Desert oasis – Dunes by Al Nahda
For a true Arabian nights experience, staying over at Wahiba Sands or Dunes by Al Nahda desert camp is an absolute must. Dunes is a short jaunt from the capital, around an hour-and-a-half by car north-west from central Muscat. A jeep or landcruiser is needed for the journey, as while most of the drive is via modern roads, the final leg is a bone-juddering crawl along the gravelly floor of Wadi Far. It’s all worth it though, to see the gigantic orange dunes rising miraculously from the rocky desert like silky shifting mountains.
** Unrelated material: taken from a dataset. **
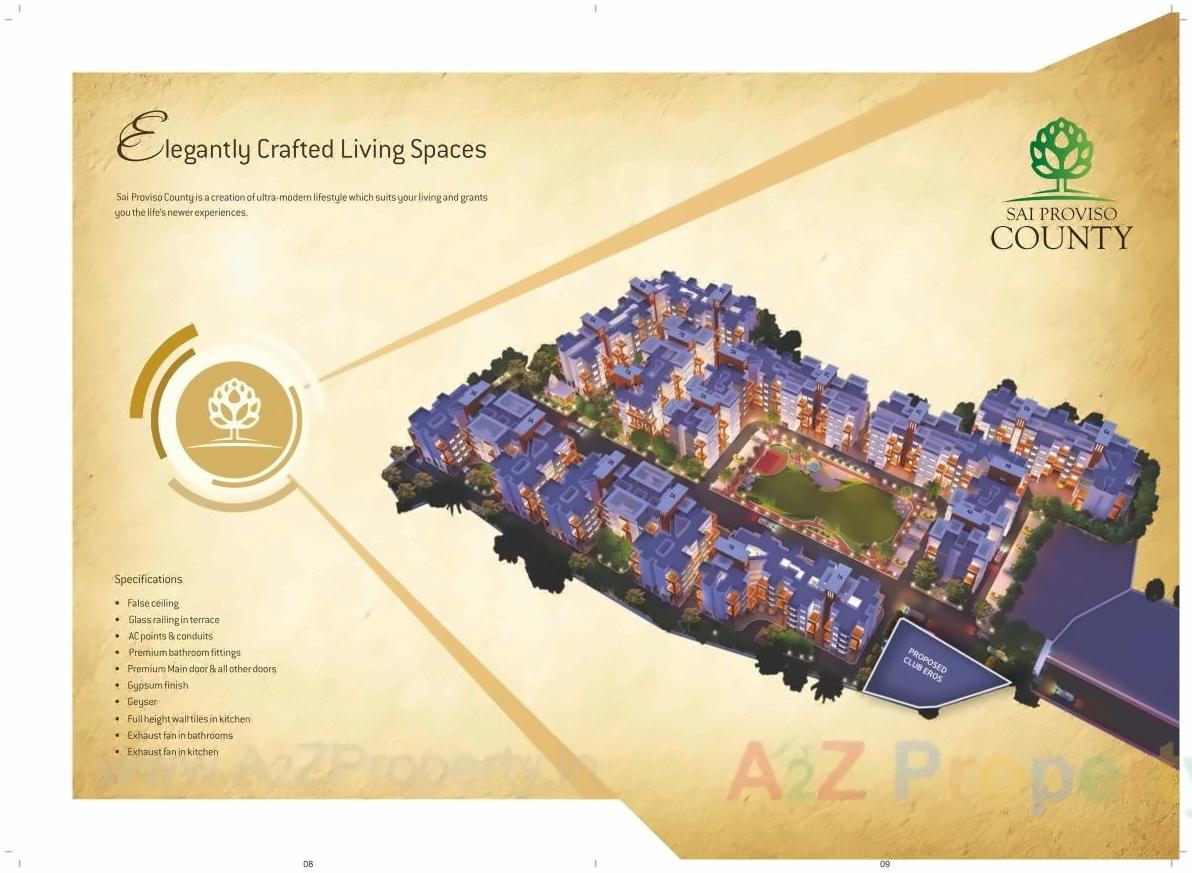  of real estate project Sai Proviso County located at Shirdhon, Raigarh, Maharashtra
Arriving at the chic dining area on a high hilltop beside the dunes, it’s clear this is glamping not camping. I was treated to a five-course gourmet meal and it was hard to believe it had been prepared in the middle of the desert. The air is cooler up in the camp and breezes stir from the desert floor sending updrafts of dust-fine sand into your face and food. At eye-level, vultures circle the valley. Guests stay in a cute collection of white marquees with air-con, en-suites, flat-screen televisions and comfy-looking double beds facing out onto the dunes. The camp has three categories of room, all with mod cons, but the best tents have their own separate chill-out area and a window on the mini-mountains of sand outside.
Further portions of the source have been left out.